Take the lines of the data below from the very first through the line containing "トイレを収納棚付きへリフォーム希望の施主様。" and output them exactly, pictures excluded.

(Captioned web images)
·····
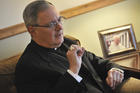 In this Nov. 22, 2009 file photo, Roman Catholic Bishop Thomas Tobin speaks to a reporter in Riverside, R.I. Tobin, Rhode Island's Roman Catholic bishop is facing backlash after tweeting Saturday, June 1, 2019 that Catholics should not support or attend LGBTQ Pride Month events. (AP Photo/Josh Reynolds, File)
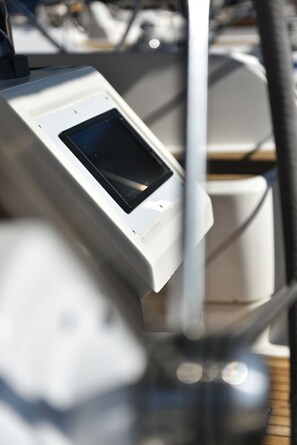 A control panel with a screen, likely for a boat's navigation or control system.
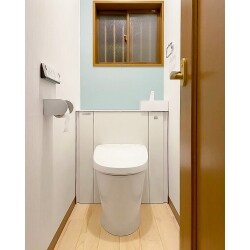 トイレを収納棚付きへリフォーム希望の施主様。
収納棚付のLIXILリフォレをご提案。
白く輝くトイレが引き立つようにストライプのクロスに青色のアクセントクロスで清潔感と高級感を演出。
タイルは剥がさず床の上に合板を上貼り。コストを抑えつつとてもオシャレなトイレ空間になりました。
·····
• [WRITTEN ANSWER]
 In this Nov. 22, 2009 file photo, Roman Catholic Bishop Thomas Tobin speaks to a reporter in Riverside, R.I. Tobin, Rhode Island's Roman Catholic bishop is facing backlash after tweeting Saturday, June 1, 2019 that Catholics should not support or attend LGBTQ Pride Month events. (AP Photo/Josh Reynolds, File)
 A control panel with a screen, likely for a boat's navigation or control system.
 トイレを収納棚付きへリフォーム希望の施主様。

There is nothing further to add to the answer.